Recently, though, I started reading up on the free will debate. Here are two of the arguments philosophers use. (The first argument is courtesy of the Stanford Encyclopedia of Philosophy, the second is cribbed from Norman Swartz.)


Argument #1 – There is No Moral Responsibility if Determinism is True


Premise 1. No one has power over the facts of the past and the laws of nature.
Premise 2. No one has power over the fact that the facts of the past and the laws of nature entail every fact of the future (i.e., determinism is true).
Premise 3. Therefore, no one has power over the facts of the future.
Thus: If determinism is true, it appears that no person has any power to alter how her own future will unfold, and therefore no moral responsibility for it.

Argument #2 - Causal Determinism is a Necessary Condition
for Moral Responsibility
Premise 1: Unless there are extenuating circumstances, persons are (to be) held morally responsible for their actions.
Premise 2: Being unable reasonably to have foreseen the consequences of their actions is one such extenuating circumstance. (Recall that young children who cannot reasonably foresee the consequences of their actions are not to be held morally responsible for the consequences.)
Premise 3: In order to be able to anticipate or foresee the likely (or even the remotely likely) consequences of one's actions, the world must not be random, i.e. the world must be fairly regular (or causally determined).

Thus: Moral responsibility requires that there be causal determinism.



So the first argument (known as the consequence argument) seems to show that if the universe is deterministic, then there is no free will (because everything in the future is determined by events that happened long ago), and hence no moral responsibility. But the second argument (I don't know if it has a name) says that if there is no determinism, then there can't be any moral responsibility, either. Taken together, the two seem to imply that there can be no moral responsibility. I don't think this conclusion is correct, and neither does Swartz. You can read his notes to see how he resolves the problem; here, I want to consider a different aspect.

The current best models of how the universe works are based on quantum mechanics, and quantum mechanics is not deterministic. Or perhaps I should say quantum mechanics is partially indeterministic. That is, the quantum state of a closed system determines the quantum state of the system at a later time,  but the quantum state of the system doesn't determine all of the interesting aspects of the system. In fact, for any quantum system, there will always be questions I can ask about the system that don't have a definite answer - even if the quantum state of the system is exactly known. However, quantum mechanics can give us the probabilities of the various possible answers to any question, and so the future is partially determined: determined up to the range of possible values allowed by quantum mechanics.

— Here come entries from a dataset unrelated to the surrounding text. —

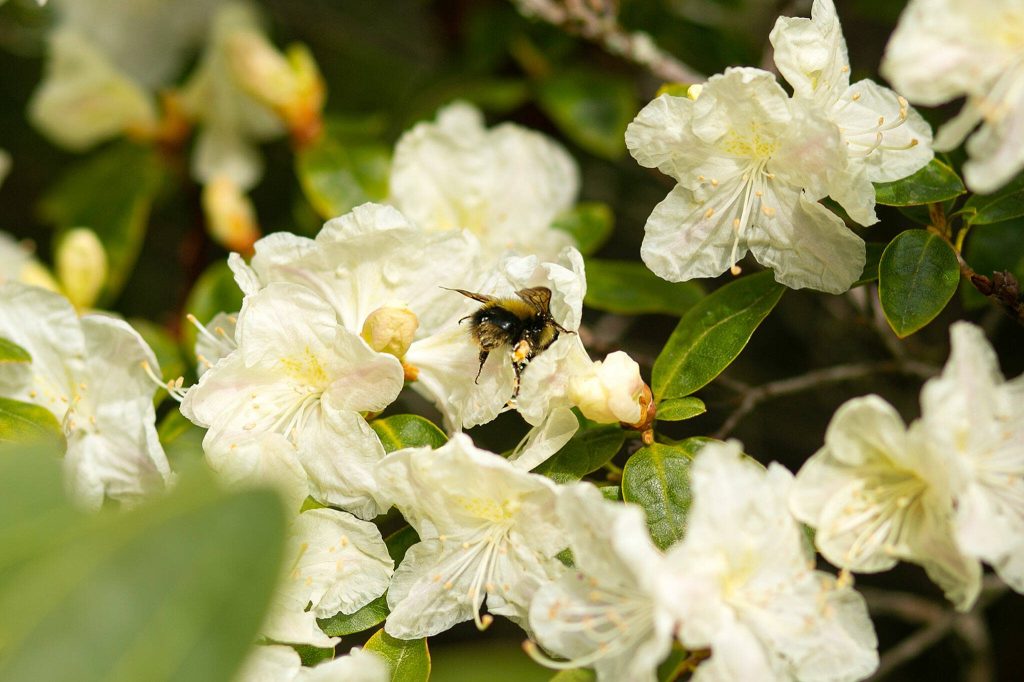 A bumble bee flies from flower to flower, pollinating along its way at Meerkerk Gardens on Wednesday, April 5, 2023, in Greenbank, Washington. (Ryan Berry / The Herald)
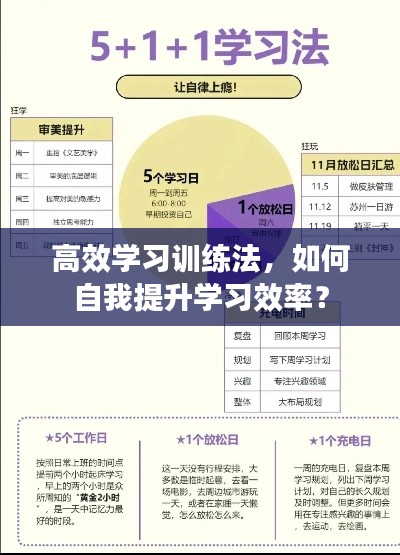 高效學習訓練法，如何自我提升學習效率？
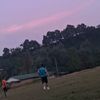 savyalama7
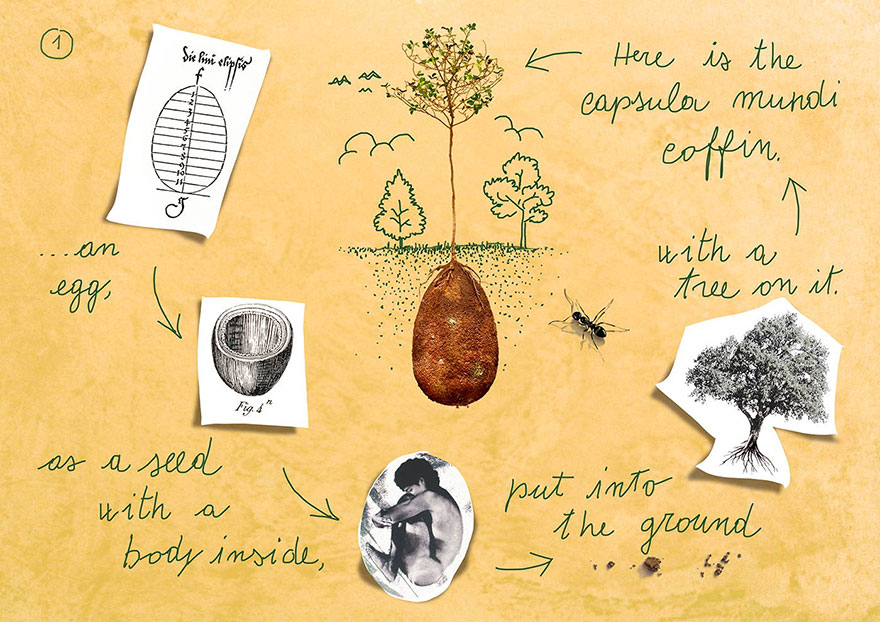 capsulas-biodegradables-enterrar-fallecidos-arboles-capsula-mundi (1)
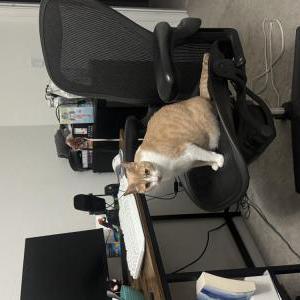 Image of Matilda, Lost Cat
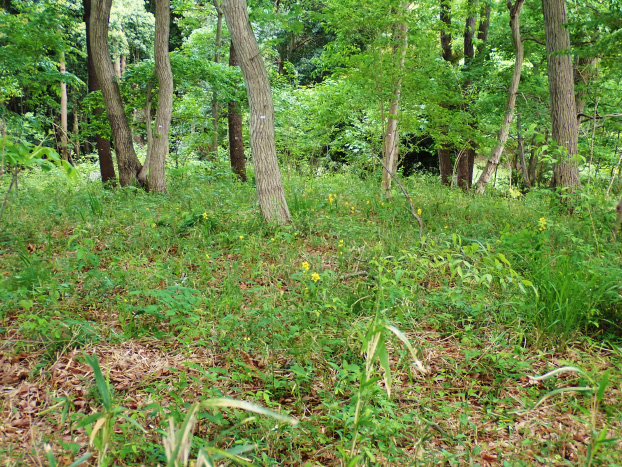 ぱっと見100株以上!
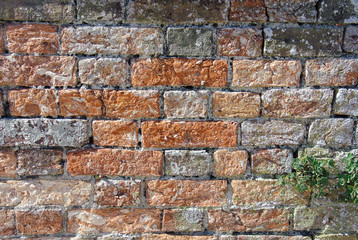 Old Victorian red brick wall closeup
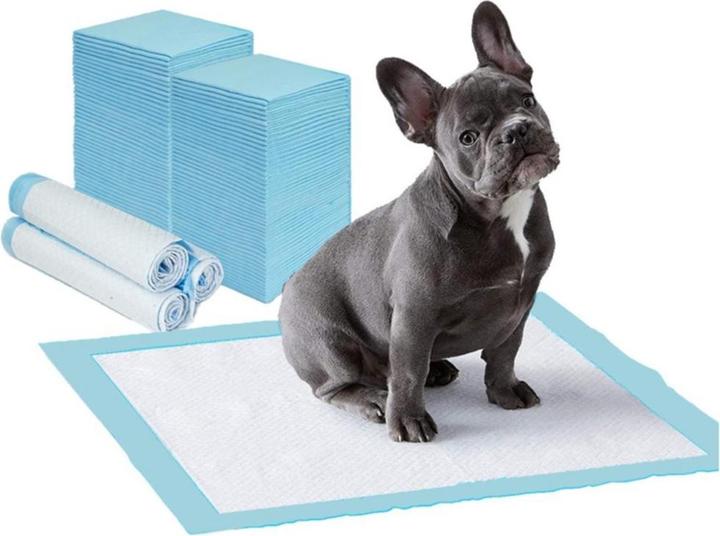 Actual product image Esmée Hygiene mat (Dog)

How does quantum mechanics relate to the two arguments outlined above? The consequence argument is right out: Premise 2 is simply false if quantum mechanics gives a true picture of the world. What about Argument #2? According to Premise 3 of this argument, the world must be "fairly regular," which, according to quantum mechanics, it is. But the indeterminacy of quantum mechanics provides some elbow room (in Daniel Dennett's phrase), so that the future is not completely determined by the past. Quantum mechanics thus seems to walk a fine line between a clockwork universe in which every action of every person is, in principle, completely predictable, and a chaotically random universe in which nothing is predictable and so there can be no moral responsibility.

Quantum mechanics may not be the explanation of free will, but it does seem to allow for free will.